How bad will some of these bowl games be? The Hawaii Bowl
match-up mentioned above would feature those two unwatchable teams
if you were to factor in last year’s standings. The San
Francisco Bowl would match Pittsburgh (No. 5 in Big East) and New
Mexico (No. 4 Mountain West), and the Continental Tires Bowl would
have Boston College (No. 4 Big East) against Georgia Tech (No. 5
ACC). The Mainstay Independence Bowl would get Arkansas and your
choice of Rice, Miami (Ohio), Kent State, Northern Illinois and
Southern Mississippi (No. 6 Conference-USA ““ and they have a
chance to make it to a bowl?).
In fact, there are so many bowl games that some conferences
wouldn’t have enough teams with a winning record to send to
all of their guaranteed bowl games, such as the Big 10 and Big 12.

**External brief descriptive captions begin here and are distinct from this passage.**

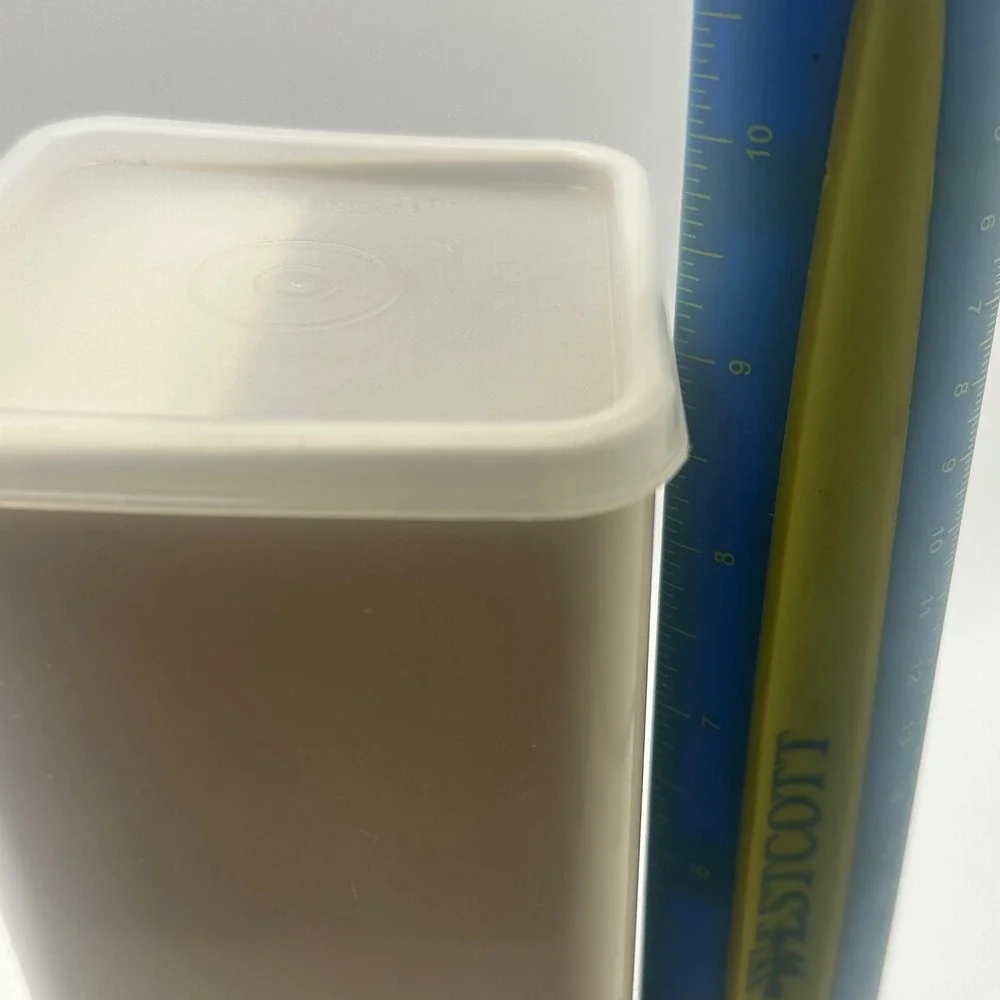 Vintage Tupperware Modular Mates Super Oval 5 Almond Beige 1614-2 with Lid USA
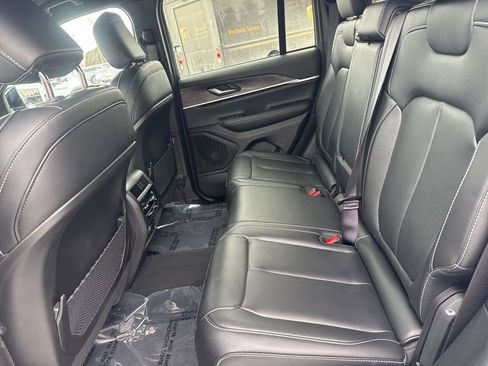 Used 2024 Jeep Grand Cherokee Limited image 18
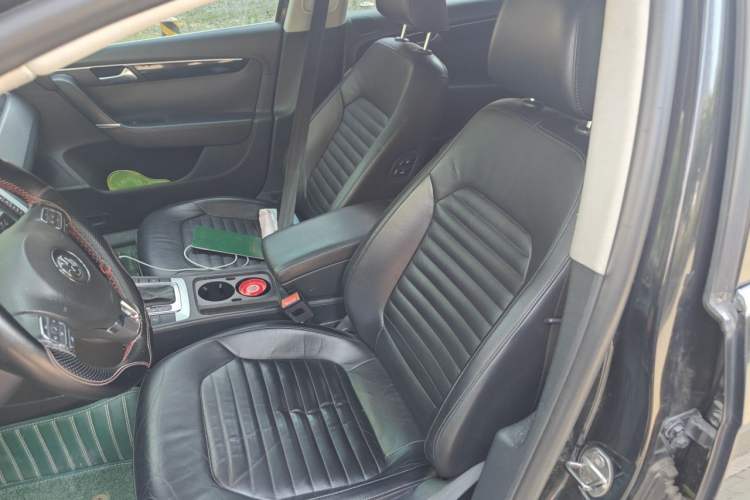 Used Volkswagen Magotan 2012 Revised Version 1.8TSI Leading Edition Left Front Seat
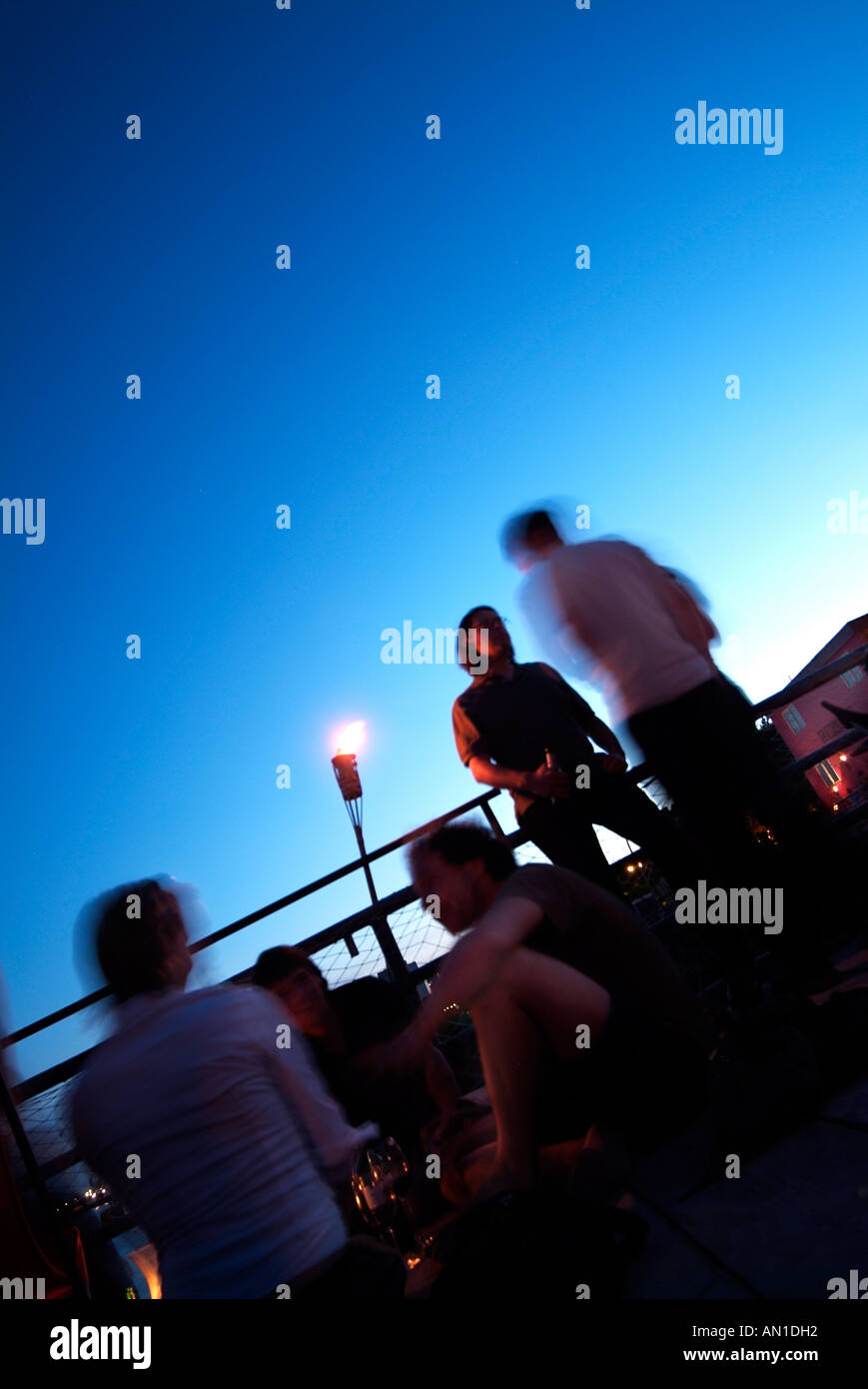 Hamburg Deutschland Northern Europe bei Nacht, Chillout blaue Stunde an der Beachclub in der Nähe von Hamburg-Hafen Stockfoto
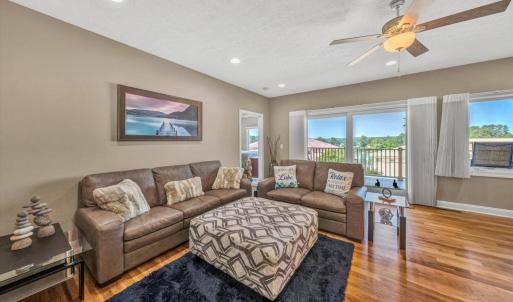 Photo #11 of 1066 Siesta Key Court, Moneta, VA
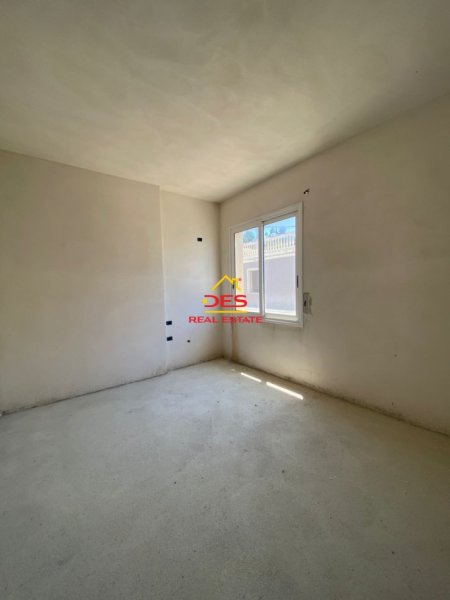 Vlore, shitet apartament 2+1+Ballkon Kati 9, 97 m² 146.100 € (Rruga Ismail Qemali)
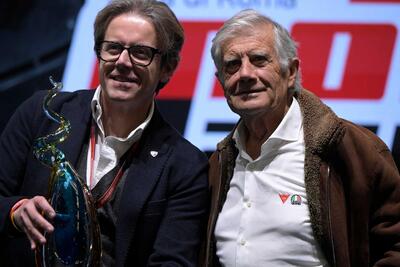 Premio Moto Europa 2026: Aprilia, BMW, Ducati, Royal Enfield o Yamaha? Giacomo Agostini incorona la moto dell'anno a Motodays Roma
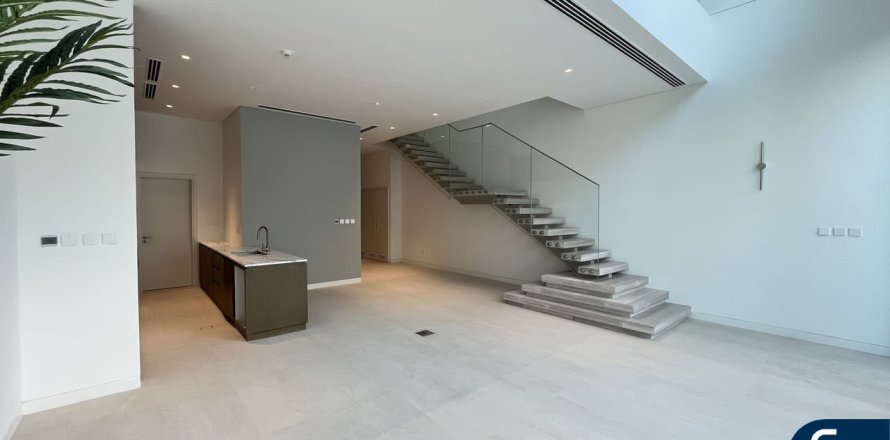 Townhouse in Dubai 3 bedrooms, 344 sq.m. № 98782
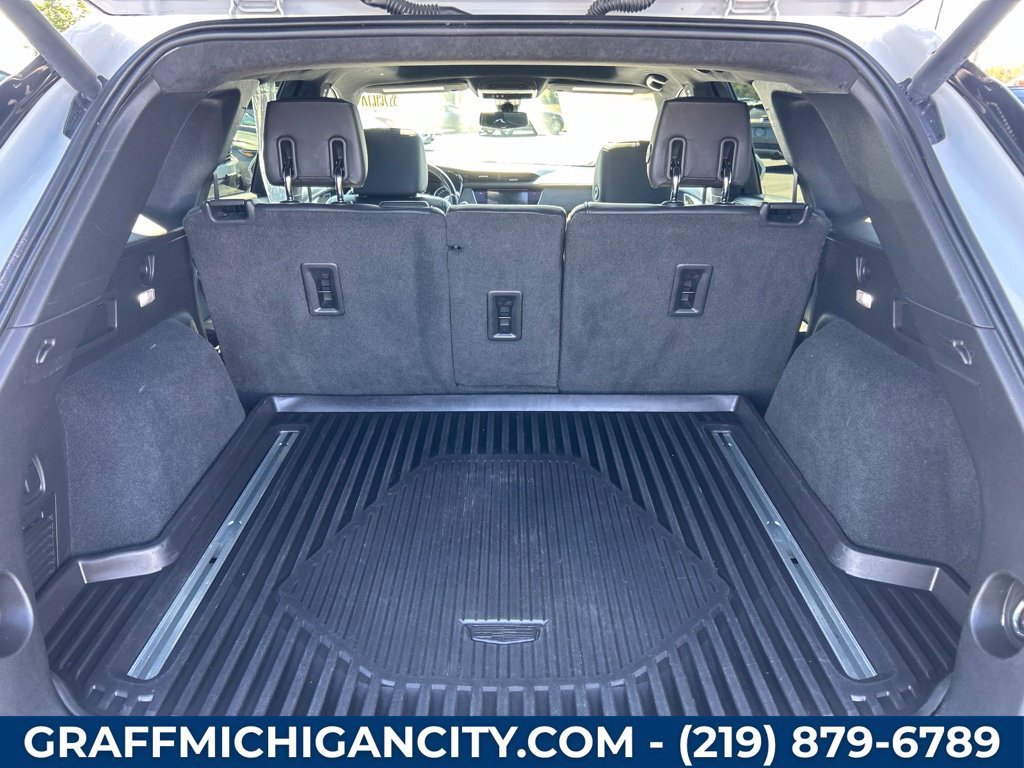 Used 2017 CRYSTAL WHITE TRICOAT Cadillac Platinum AWD image 33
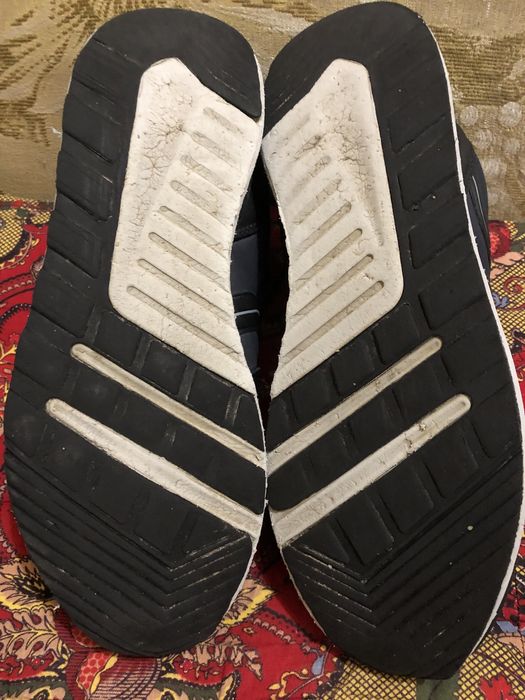 Продаются кроссовки.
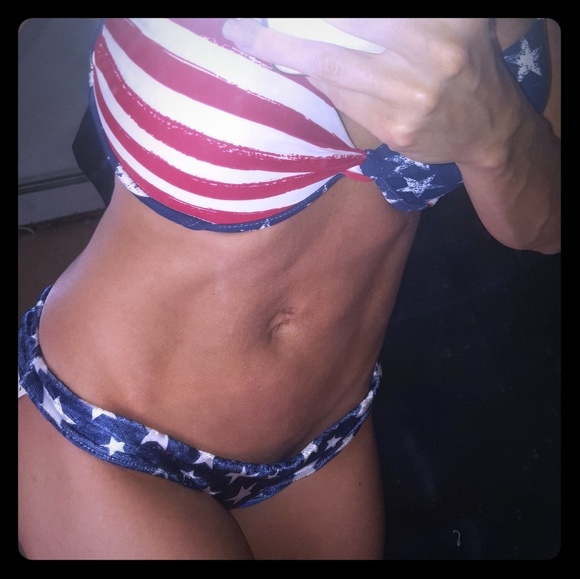 American Woman Costume - Picture 4 of 6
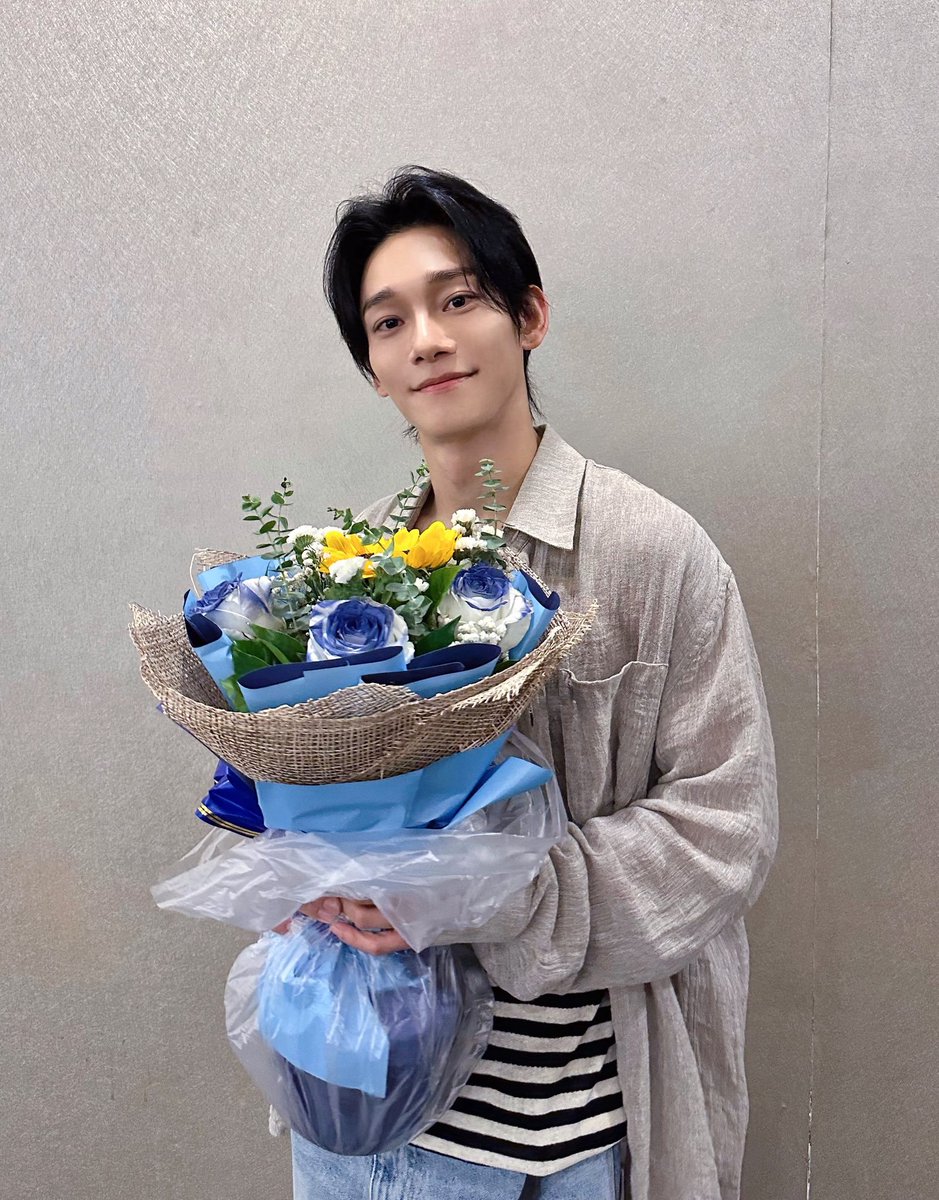 kjongdaearchive's tweet photo. https://t.co/1WPMqElrwF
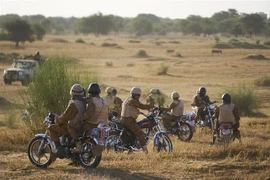 Binh sỹ Burkina Faso đi tuần tra. (Nguồn: AFP/TTXVN) 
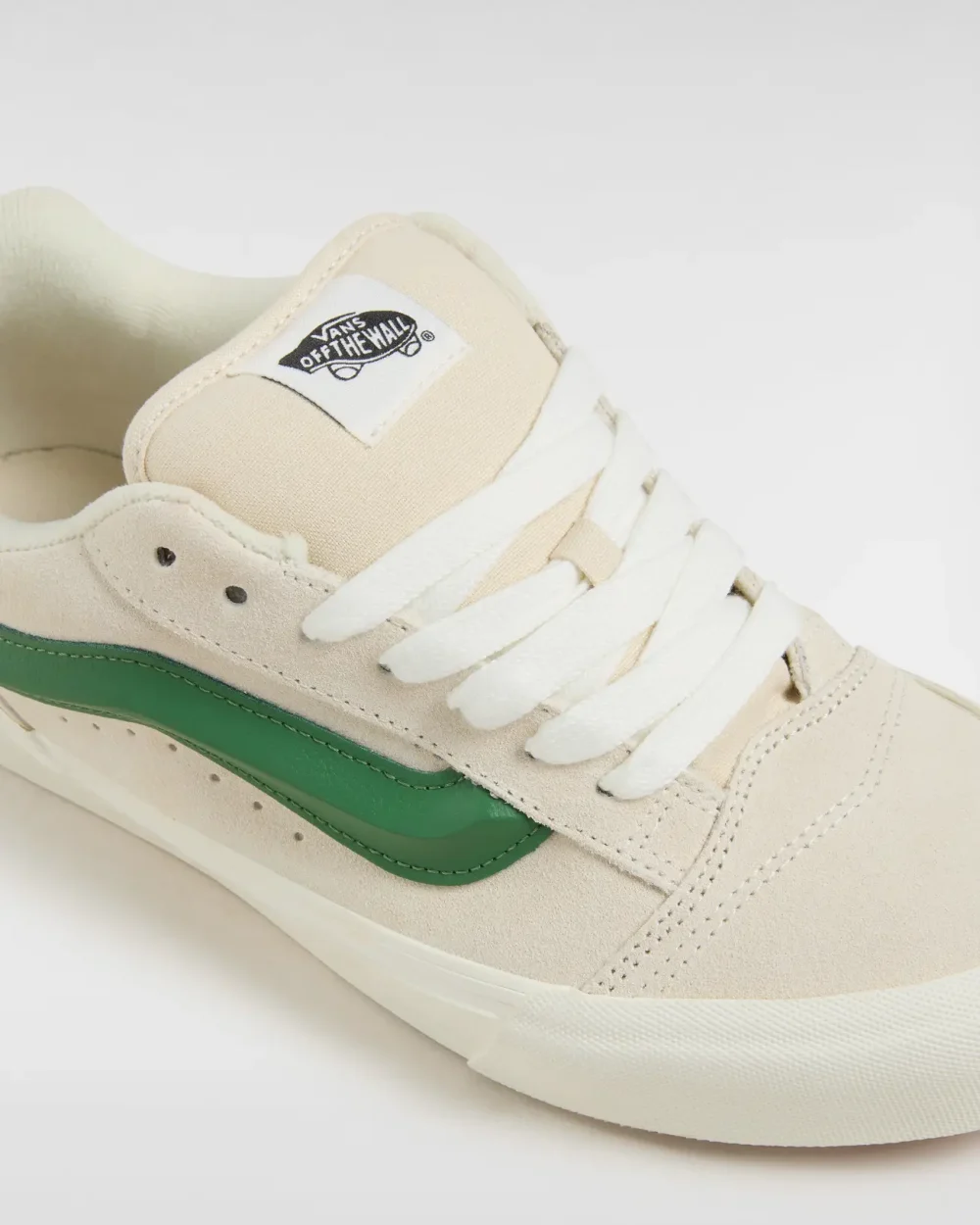 VANS - נעלי סניקרס Knu Skool – V00D6CWTM – vintage-suede-white-multi – 3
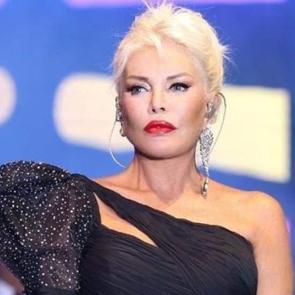 S&uuml;perstar Ajda Pekkan peşine d&uuml;şt&uuml;ğ&uuml; 10 yıllık davayı kazandı!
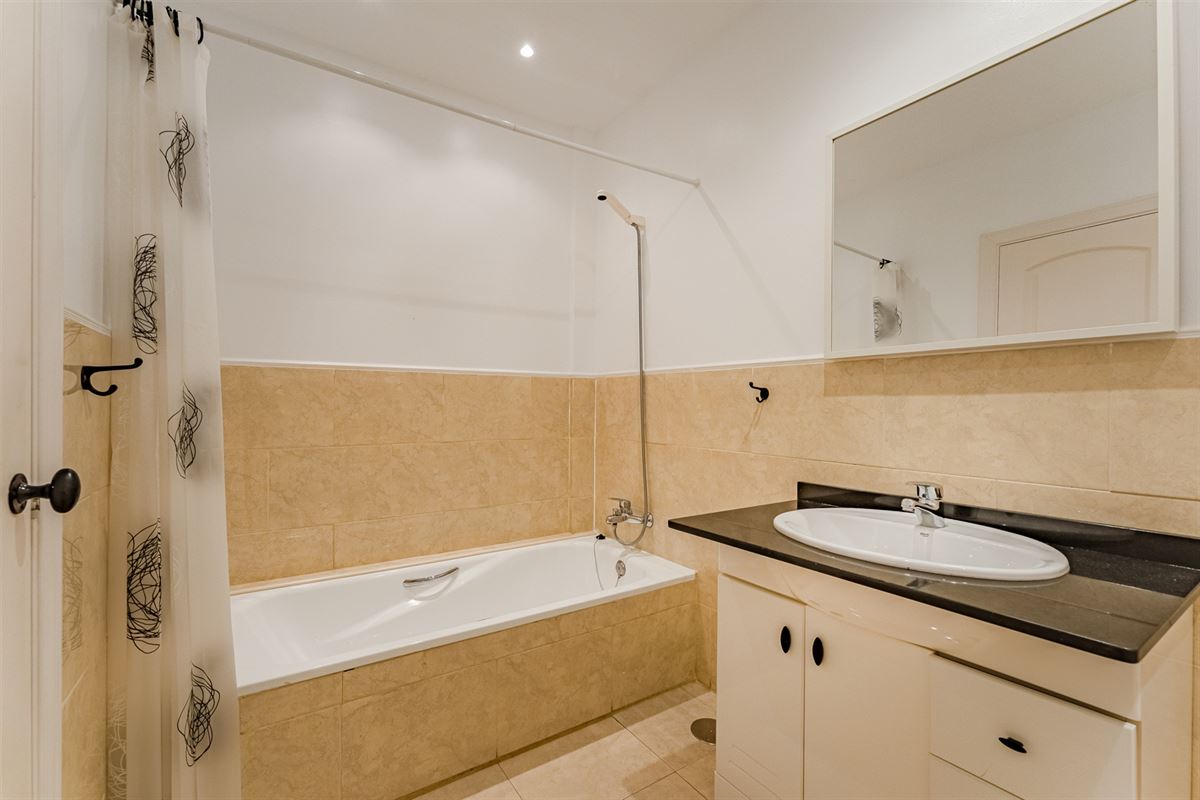 Luxueus 3‑slaapkamer penthouse met panoramisch zeezicht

This would leave the bowl games with the vacated spots and three
bowl games that take at-large bids, Motor City Bowl, Crucial.com
Humanitarian Bowl and Silicon Valley Classic scrambling for the
remaining bowl-eligible teams. I can picture it now:
Humanitarian Bowl representative: “We want Bowling
Green!”
Motor City Bowl: “No, we want Bowling Green!”
Sixty-three teams were bowl eligible last year, and if 63 were
to be bowl-eligible this year, only seven wouldn’t make it to
a bowl. First of all, a few of those seven would have probably
turned down bowl invitations. Second of all, 63 bowl-eligible teams
seems pretty high for only 117 teams. Theoretically, only half of
the teams should have winning records, which would be 58. Only two
bowl-eligible teams would then miss a bowl game, and both of those
would probably have declined their invitations.
On the Statue of Liberty, it says “Give me your tired,
give me your poor, give me your huddled masses yearning to be
free.” The NCAA seems to be saying “Give me your weak,
give me your mediocre, give me your 6-5 teams that really earned a
bowl game.”
Where does this rapid expansion of bowl games end? When teams
with losing records make bowl games?
Hopefully, but probably not. Sadly, the bowls will continue to
grow and grow until they start losing money. All of the prize money
involved into going to a bowl game would make it hard for more
bowls to arise. Even the Continental Tires Bowl, one of the less
exciting bowl games will give each of its participants
$750,000.
Personally, I’d love it if Major League Baseball
Commissioner Bud “Contraction” Selig (or as Expos fans
call him, “Le Diable”), would be in charge of college
football. He’d quickly contract at least four bowl games and
incorporate a playoff system. You know a sport is in peril when a
fan wants the devil to run it.
Memo to NCAA: Please, enough is enough!